À entrada deparamos com uma cabeça de Cristo fotocopiada vezes sem conta. Uma daquelas cabeças de risco ao meio, impecavelmente traçado, e cabelos quase louros, revoltos após um brusching de escova larga. Vá lá que os olhos são castanhos e não azuis…
Ao lado canta-se. É uma igreja evangélica que serve a comunidade cigana. São várias as famílias que vão entrando enquanto eu aguardo a chegada dos legionários. Será a minha primeira ronda pelos meandros de uma Lisboa que vive infiltrada na normalidade. O objetivo é distribuir alimentos. A carrinha, com o nome de Jesus Cristo em destaque, vai parando nos lugares habituais. Aqueles a quem as mãos tremem formam filas e repetem pratos de sopa até deixarem de tremer – saciaram a fome, mataram a fraqueza por mais um dia. Amanhã logo se verá.

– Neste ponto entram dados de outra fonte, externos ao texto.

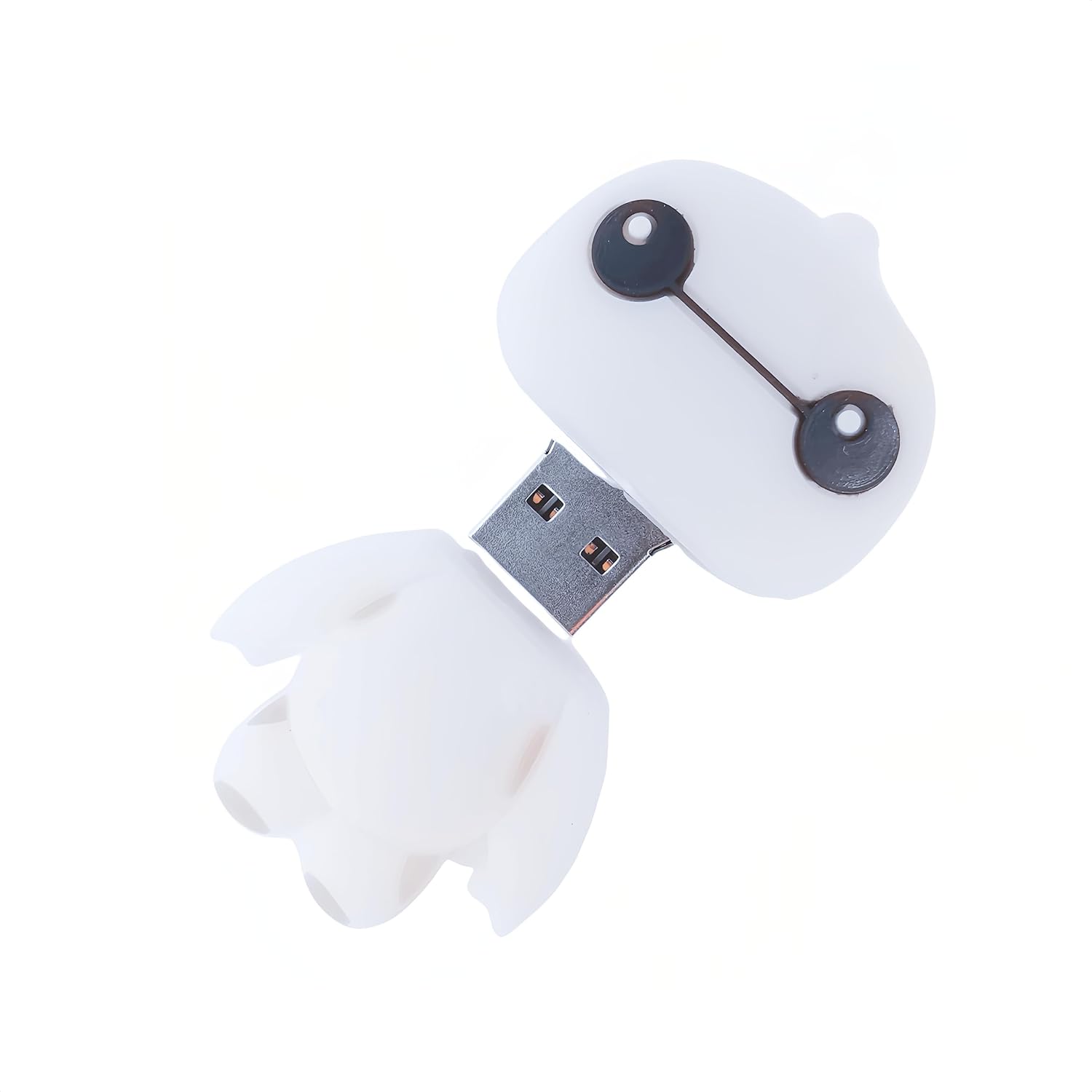 128GB Novelty Cute USB Flash Drive Lovely Pendrive, White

Dos legionários, nenhum me parece verdadeiro adepto das palavras que a carrinha ostenta. Pouco importa a que associação se oferece o trabalho, o que interessa é que tenha provisões suficientes e meios para as distribuir. O resto…cada um sabe de si que essas coisas das religiões nada valem perante os atos de quem se dispõe a ajudar.
A maioria dos carenciados é composta por homens de meia-idade. Uma ou outra mulher... um ou outro jovem...
Não tenho documentos, queixa-se um a quem a bebida não faltou a julgar pelo bafo que exala, saí da prisão e não tenho documentos. E porque não lhos deram quando saiu? Porque andei fugido sete anos. Incógnito por esse mundo até ser apanhado. Parece demasiado hollywoodesco mas nunca se sabe…a mim gabou-me os óculos e chamou-me miúda, o que só por si comprova o nível de abstração.
Um catraio, que não tinha mais de seis ou sete anos, estendeu os braços à espera de um saco. Habituada a olhar para cima, não o via se não fosse o adulto por trás dele apontar para baixo. Quando olhei, não fui capaz de esconder a minha surpresa. É para ti? Acenou-me que sim, aceitou o saco e partiu. Fiquei a pensar no gaiato o resto da noite.